Requirement – Pictures should be omitted from your copy. Everything else in the entries below must be restated word for word.

Extracted records –

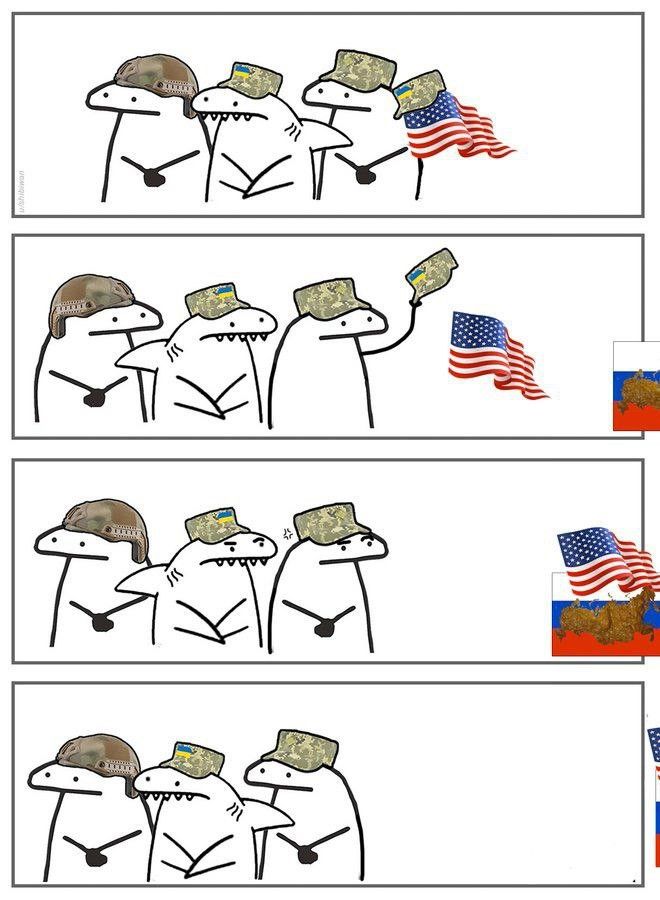 Comment image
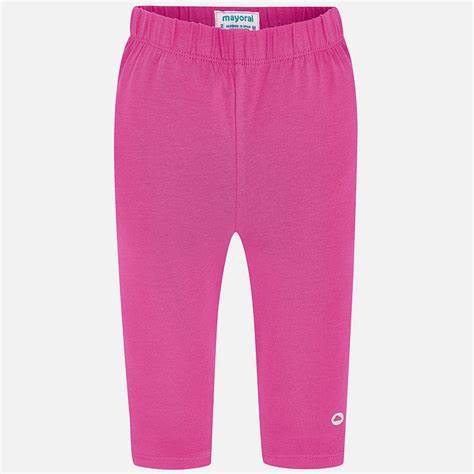 Leggings 723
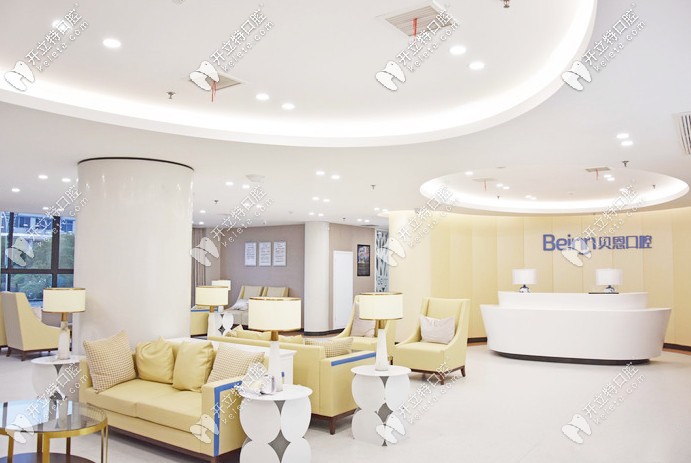 揚(yáng)州矯正牙齒哪個(gè)口腔醫(yī)院好？備注是又好又便宜的牙科哦~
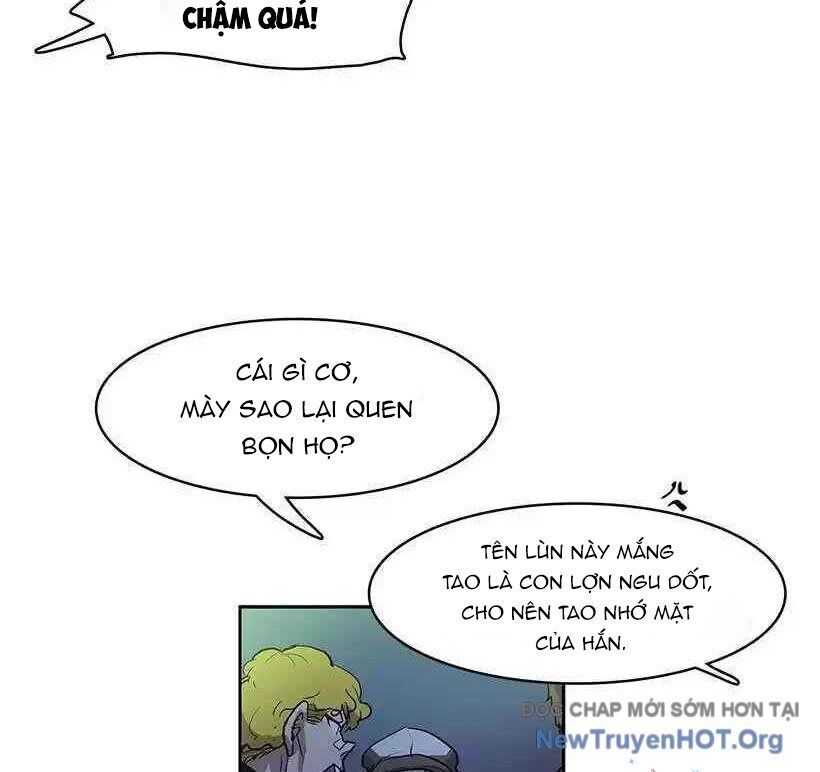 Cửa Hàng Vô Danh Chapter 167 - 31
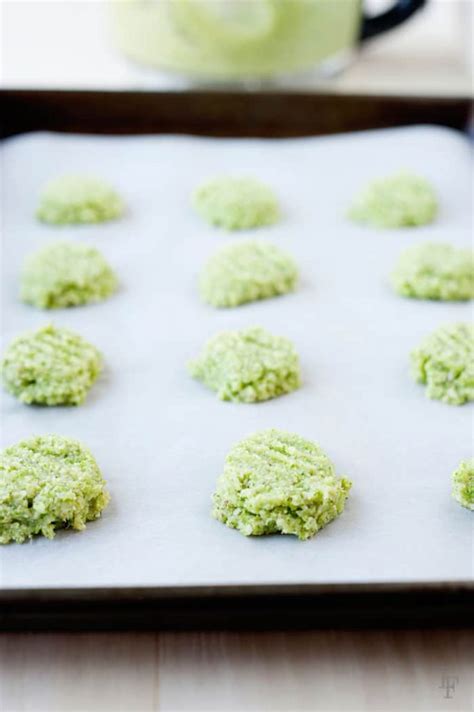 broccoli-cheese-nuggets-recipe-laura-fuentes image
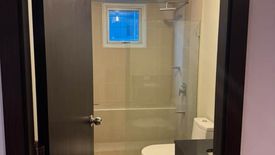 1 Bedroom Condo for rent in Kroma Tower, San Lorenzo, Metro Manila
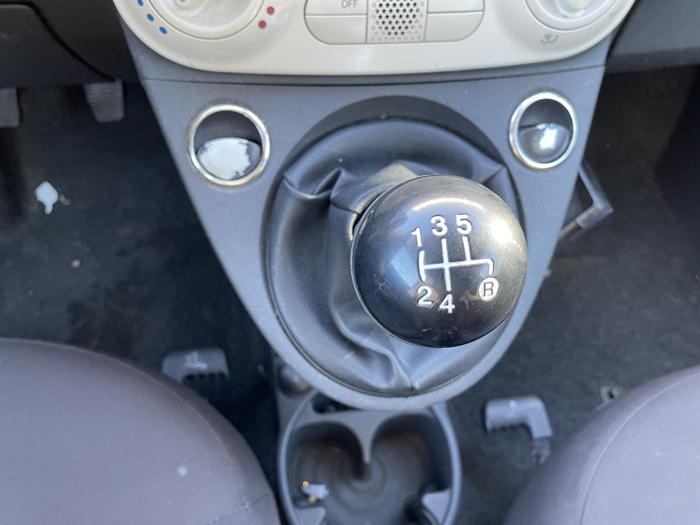 2012 fiat 500 pop with 52304 miles for sale near elk-river, minnesota 28bac31285834ac3864a68da59383ec8.jpg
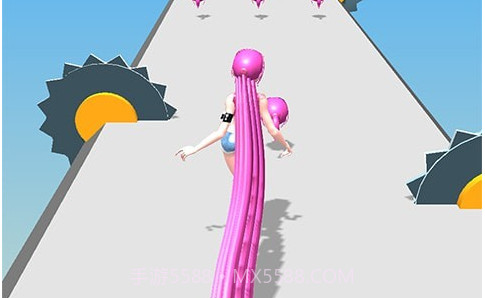 换装女王派对v1.0.13截图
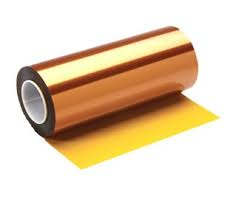 release-film-for-circuit-board-lamination-process-6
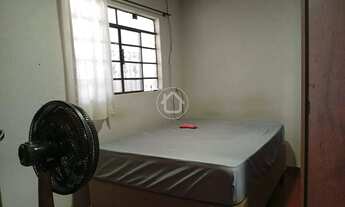 Imagem 6: CASA NA VILA MARGARIDA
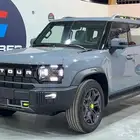 جيتور لكجري T2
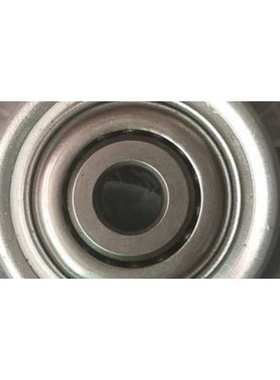 供应德国MARKES传送带滚筒轴承 MTR-30x1,2.16 MTR-30x1,5.16轴承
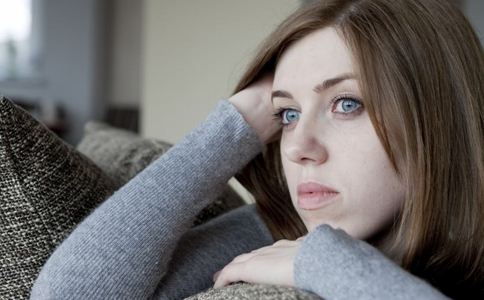 Ů�Ժ����ĺô��� ��ʪ�Ŷ�������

Answer box –
 Comment image
 Leggings 723
 揚(yáng)州矯正牙齒哪個(gè)口腔醫(yī)院好？備注是又好又便宜的牙科哦~
 Cửa Hàng Vô Danh Chapter 167 - 31
 broccoli-cheese-nuggets-recipe-laura-fuentes image
 1 Bedroom Condo for rent in Kroma Tower, San Lorenzo, Metro Manila
 2012 fiat 500 pop with 52304 miles for sale near elk-river, minnesota 28bac31285834ac3864a68da59383ec8.jpg
 换装女王派对v1.0.13截图
 release-film-for-circuit-board-lamination-process-6
 Imagem 6: CASA NA VILA MARGARIDA
 جيتور لكجري T2
 供应德国MARKES传送带滚筒轴承 MTR-30x1,2.16 MTR-30x1,5.16轴承
 Ů�Ժ����ĺô��� ��ʪ�Ŷ�������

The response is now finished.